Le temps passait avec une merveilleuse lenteur de certaines façons, avec une merveilleuse rapidité dans d'autres. Margaret restait divinement calme. Je crois que je l'enviais, tout en l'admirant et en l'aimant pour cela. Mr. Trelawny était nerveux et anxieux, comme à dire vrai les autres hommes. Avec lui cela prenait la forme du mouvement – du corps et de l'esprit. À ces deux points de vue, il était agité, il allait d'un endroit à un autre avec ou sans motif, ni même un prétexte; et il passait d'une pensée à une autre.
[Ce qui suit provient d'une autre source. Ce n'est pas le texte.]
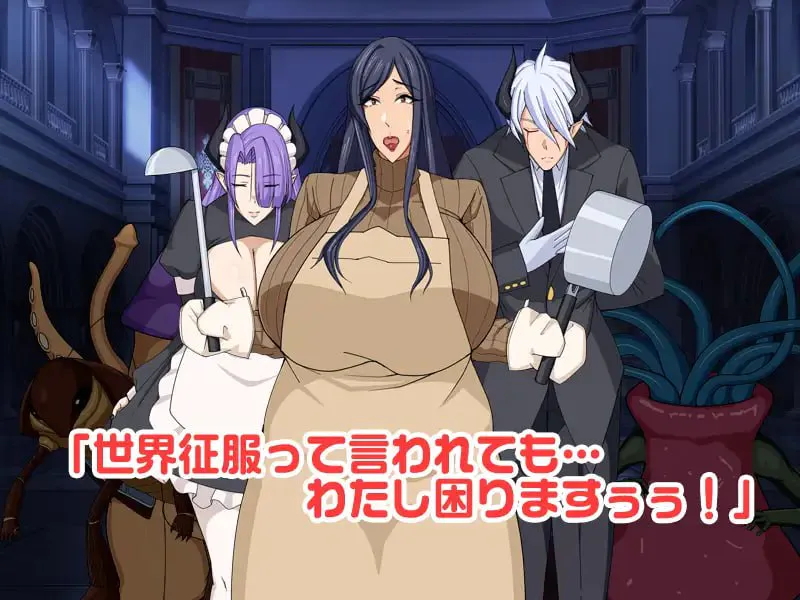 魔王と入れ替わった人妻_バレたら全てが終わりです 双端 汉化版 预览图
De temps en temps il laissait entrevoir la grande anxiété qui avait pris possession de lui, par son désir manifeste de constater chez d'autres membres de notre groupe des dispositions analogues. Il ne cessait d'expliquer les choses. Et, dans ses explications, je pouvais voir la façon qu'il avait de retourner dans son esprit tous les phénomènes, toutes les causes possibles, tous les résultats éventuels. Une fois, au milieu d'une très savante dissertation sur les progrès de l'astrologie égyptienne, il s'aiguilla sur un sujet différent, ou tout au moins sur une ramification ou un corollaire du même sujet.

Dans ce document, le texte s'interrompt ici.